__Instructions for the task__.
From the entries below, reproduce exactly the lines from the one with "Soul Resurrection Card Front" through the one with "Pantalone multitasche regular fit", both included, without images.

-- Data provided follows --

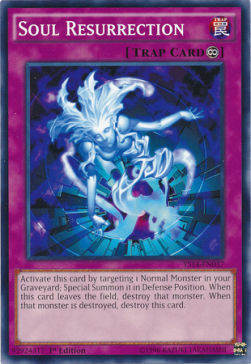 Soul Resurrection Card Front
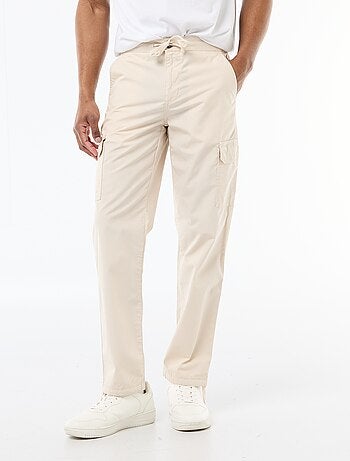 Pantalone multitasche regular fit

-- Data provided concluded --
-- Data provided follows --

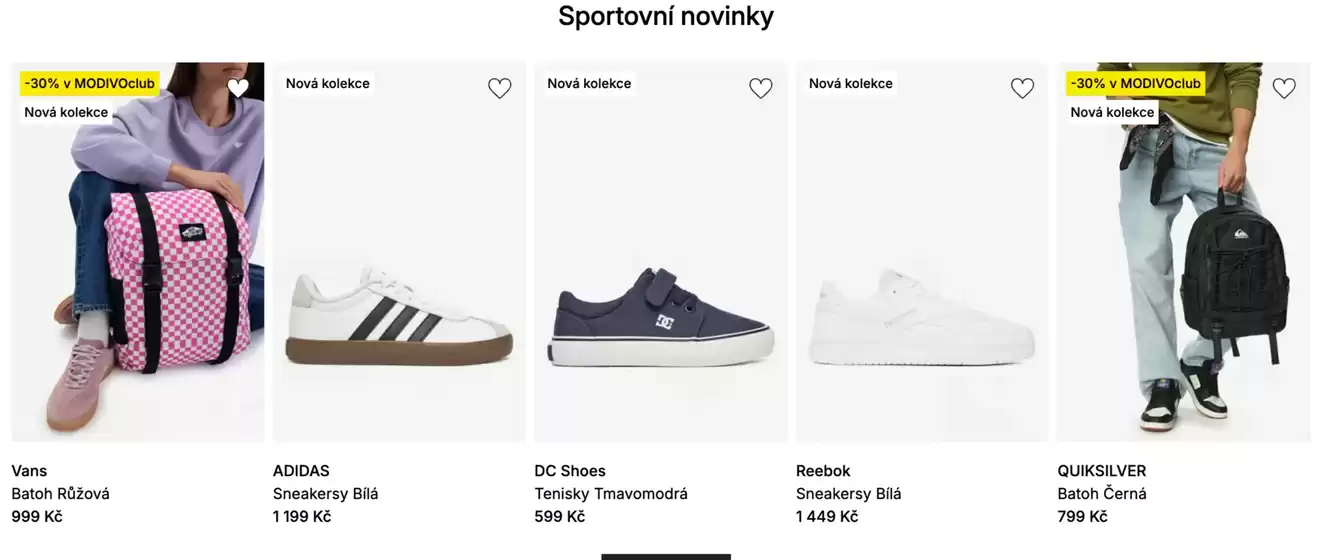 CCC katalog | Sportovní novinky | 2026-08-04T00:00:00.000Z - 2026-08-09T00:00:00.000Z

-- Data provided concluded --

__Expected answer__.
 Soul Resurrection Card Front
 Pantalone multitasche regular fit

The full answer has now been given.